Aggregate Functions

  • reference
    +

    Aggregate functions take multiple values from documents, perform calculations, and return a single value as the result. The function names are case insensitive.

    You can only use aggregate functions in SELECT, LETTING, HAVING, and ORDER BY clauses. When using an aggregate function in a query, the query operates as an aggregate query.

    In Couchbase Server Enterprise Edition, you can use aggregate functions as window functions by specifying a window definition using the OVER Clause.

    In Couchbase Server 7.0 and later, window functions (and aggregate functions used as window functions) may specify their own inline window definitions, or they may refer to a named window defined by the WINDOW clause elsewhere in the query. By defining a named window with the WINDOW clause, you can reuse the window definition across several functions in the query, potentially making the query easier to write and maintain.

    Syntax

    This section describes the generic syntax of aggregate functions. For details of individual aggregate functions, see the sections that follow.

    aggregate-function ::= aggregate-function-name '(' ( aggregate-quantifier? expr |
                           ( path '.' )? '*' ) ')' filter-clause? over-clause?
    Syntax diagram
    aggregate-quantifier

    Aggregate Quantifier

    filter-clause

    FILTER Clause

    over-clause

    OVER Clause

    Arguments

    Aggregate functions take a single expression as an argument, which is used to compute the aggregate function. The COUNT function can instead take a wildcard (*) or a path with a wildcard (path.*) as its argument.

    Aggregate Quantifier

    aggregate-quantifier ::= 'ALL' | 'DISTINCT'
    Syntax diagram

    An aggregate quantifier determines whether the function aggregates all values in a group or only distinct values. You can use the quantifiers only with aggregate functions.

    ALL

    Includes all values in the computation.

    DISTINCT

    Includes only distinct values in the computation.

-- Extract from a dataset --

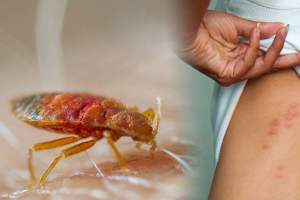 Bed Bug pest control near me in Kolkata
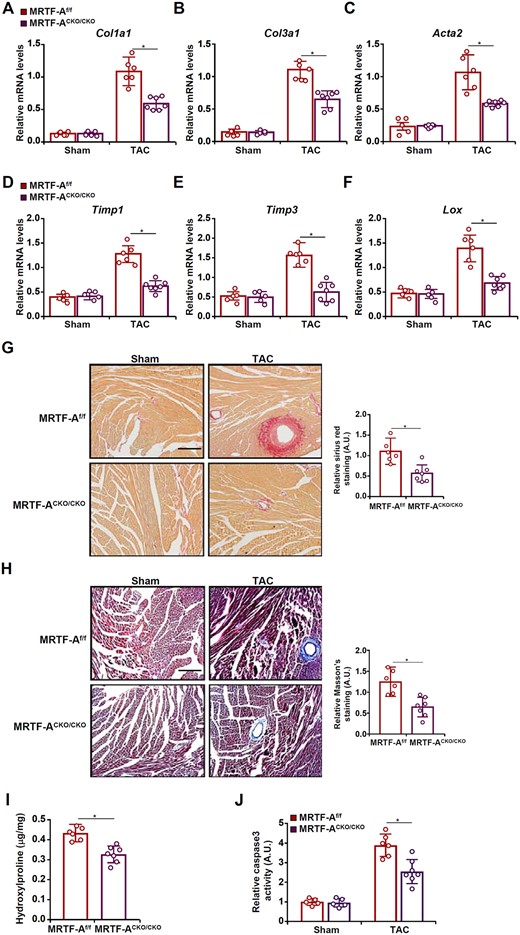 MRTF-A deletion in macrophages attenuates pressure overload-induced cardiac fibrosis in mice. Macrophage MRTF-A conditional knockout (MRTF-ACKO/CKO) mice and wild-type (MRTF-Af/f) littermates were subjected to the TAC procedure. (A–F) Fibrogenic genes were measured by qPCR. (G) Picrosirius red staining. (H) Masson’s trichrome staining. Scale bar, 50 µm. (I) Hydroxyproline levels. (J) Cell death was assessed with a colorimetric caspase 3 assay kit. N = 5 mice for the sham groups and N = 6–7 mice for the TAC groups. Data represent mean ± SD. *P < 0.05, two-tailed t-test.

    These quantifiers are optional and the default value is ALL.

    FILTER Clause

    filter-clause ::= 'FILTER' '(' 'WHERE' cond ')'
    Syntax diagram

    The FILTER clause enables you to specify which values are included in the aggregate. This clause is available for aggregate functions, and aggregate functions used as window functions. (It is not permitted for dedicated window functions.)

    The FILTER clause is useful when a query contains several aggregate functions, each of which requires a different condition.

    cond

    [Required] Conditional expression. Values for which the condition resolves to TRUE are included in the aggregation.

    The conditional expression is subject to the same rules as the conditional expression in the query WHERE clause, and the same rules as aggregation operands. It may not contain a subquery, a window function, or an outer reference.

    If the query block contains an aggregate function which uses the FILTER clause, the aggregation is not pushed down to the indexer. Refer to indexes:groupby-aggregate-performance.adoc#filter-clause for more details.

    OVER Clause

    over-clause ::= 'OVER' ( '(' window-definition ')' | window-ref )
    Syntax diagram

    The OVER clause introduces the window specification for the function. There are two ways of specifying the window.

    • An inline window definition specifies the window directly within the function call. It is delimited by parentheses () and has exactly the same syntax as the window definition in a WINDOW clause. For further details, refer to Window Definition.

    • A window reference is an identifier which refers to a named window. The named window must be defined by a WINDOW clause in the same query block as the function call. For further details, refer to WINDOW Clause.

    Default Values

    If there is no input row for the group, COUNT functions return 0. All other aggregate functions return NULL.

    ARRAY_AGG( [ ALL | DISTINCT ] expression)

    Description

    Returns an array of non-MISSING values from an expression.

    You can use the ALL or DISTINCT quantifier to specify which values to include in the calculation. For more information, see Aggregate Quantifier.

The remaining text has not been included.